I am beginning to smell a con. I want to have it out with them, shout "Do you know who I am?", produce my Meeja Wales credentials and demand to speak to Richard Branson on the phone. We had heard rumours about the "no seats together" policy earlier, and when a woman in front of us in the queue inquires at another desk she is told she will be able to sit by her husband if she pays an extra £60 surcharge. Absolutely scandalous.
Mrs R knows I am on a short fuse though and quickly asks if we can have aisle seats. We end up sitting one in front of the other.
My mood doesn't get any better as our flight is delayed by more than two hours, there are no seats available in the departure lounge because two other flights are also delayed, and we now have just two Cuban pesos left after being advised to get rid of them before we left the country. By this time Mrs Rippers is burying her face deep in a book, fearful of looking at the stormclouds over my head.
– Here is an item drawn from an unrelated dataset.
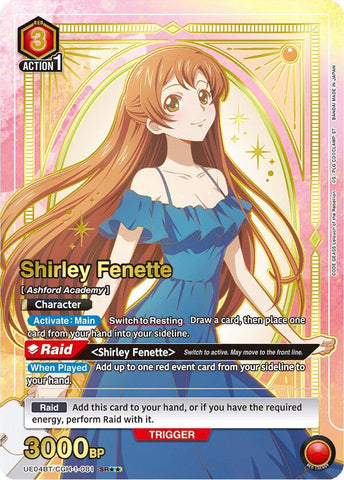 Shirley Fenette [UE04BT/CGH-1-081] (SR**)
Eventually we are able to board, and I give the air stewardess my best scowl as she welcomed me with a smile and wishes me a good journey. If I was being bitchy I would suggest the Virgin girls are hardly a patch on the ones in the famous advert accompanied by the Frankie Goes to Hollywood "Relax" soundtrack. But I'm not a bitter bloke. Honest.
Then, as they start showing us the safety drill I realise not only do I not have a safety card but there is no in-flight mag either. Finally, unable to contain myself, I push the light above my seat.
Eventually a stewardess turns up.
"Oh terribly sorry about that sir. It only happens in Cuba. The ground staff come on board to clean and then they steal all the in-flight magazines!"